Activity: From the entries below, return only the lines starting at the one that contains "AMERICAN WIDGEON GIRLS" and ending at the one that contains "Elegant 100% Silk", exactly as they stand.

Records for the exercise:
━━━━

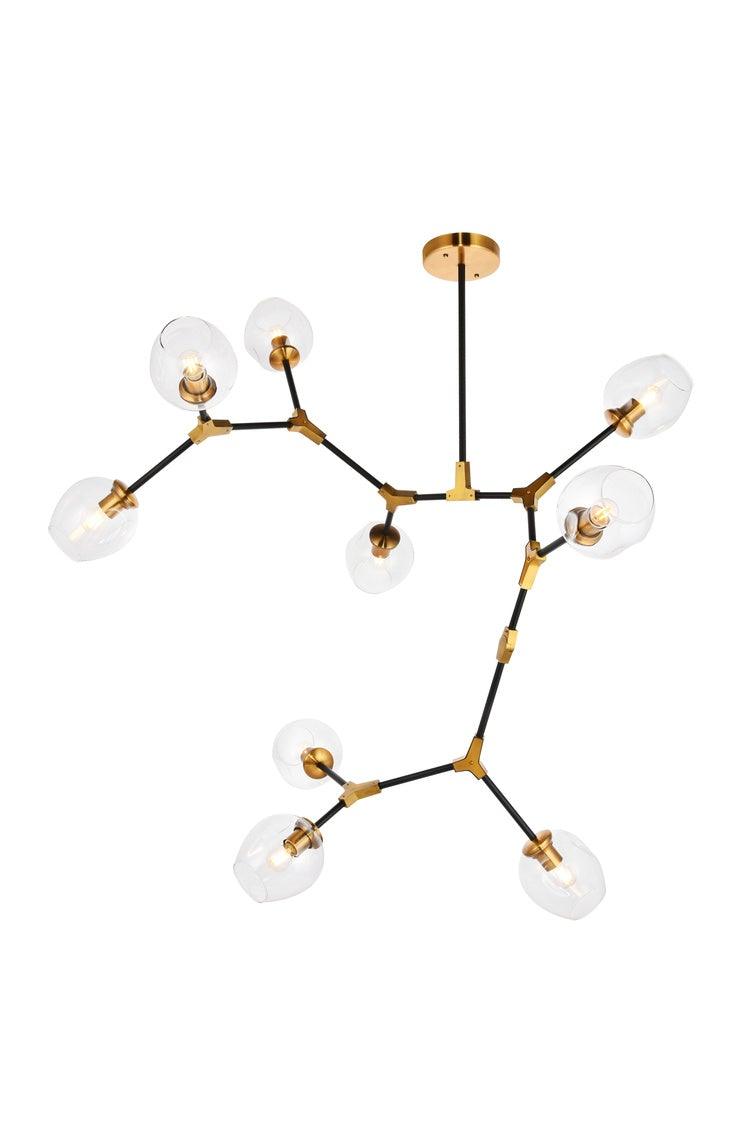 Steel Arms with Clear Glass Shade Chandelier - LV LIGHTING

━━━━

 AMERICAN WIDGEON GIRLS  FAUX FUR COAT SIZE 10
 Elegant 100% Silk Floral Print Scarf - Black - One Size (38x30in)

━━━━

Solution to the exercise:
 AMERICAN WIDGEON GIRLS  FAUX FUR COAT SIZE 10
 Elegant 100% Silk Floral Print Scarf - Black - One Size (38x30in)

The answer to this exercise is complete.